NEW YORK - It is a challenging time for newspaper industry, as consumers transition to online, digital ad gains cannot compensate print losses, all exacerbated by current economic downturns, The New York Times Company announced at the 36th Annual UBS Global Media and Communications Conference Tuesday.
The Times will focus on the following strategies: introducing new products and services in print and online, strengthening digital research and development capability, vigilantly managing costs, and rebalancing the company's portfolio through acquisitions and divestitures, said Janet Robinson, president & chief executive officer.
The publisher has been aggressively managing cost by securing greater efficiency and improved productivity. The company consolidated plants in the New York area in 2008, and will continue to do so in Boston in 2009. It is also working to streamline and standardise operations, as well as reduce headcount and lower production and newsprint costs.
Headcount declined 12 percent over past two years, or down 8 percent over last year, according to Follo. However, employees in digital operations actually increased.
The page size for The Times, the Globe, and four regional papers have been reduced in 2007, as well as eight regional titles in 2008, which save an estimated $12 million and $1.4 million annually, respectively, for the company, according to Senior Vice President & Chief Financial Officer Jim Follo.
In addition, "we're shifting away from less profitable circulation and retaining most profitable," to achieve higher margins despite declines in overall volume, Follo added.

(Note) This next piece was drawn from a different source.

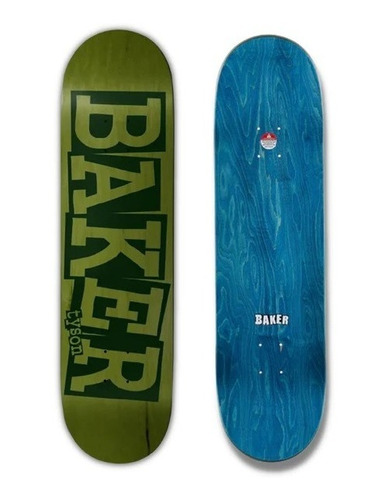 Shape Maple Skate Baker 8.25 Tyson Ribbon Green Veneer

The digital business is vital for the publisher. As of October year-to-date, digital revenues were up 9.6 percent, and are expected to account for 12 percent of total company revenues, Robinson said at the UBS Conference.
In terms of advertising for next year, it is "going to be a very different year" from 2008, which was solid for the first three quarters of the year, according to Follo.
"There is no doubt that 2009 will be among the most challenging years we have faced and more steps will be needed. We believe that through our revenue initiatives, expense cuts and the steps we are taking to improve our financial flexibility, the Times Company is well positioned to weather the challenges next year is expected to bring," said Robinson.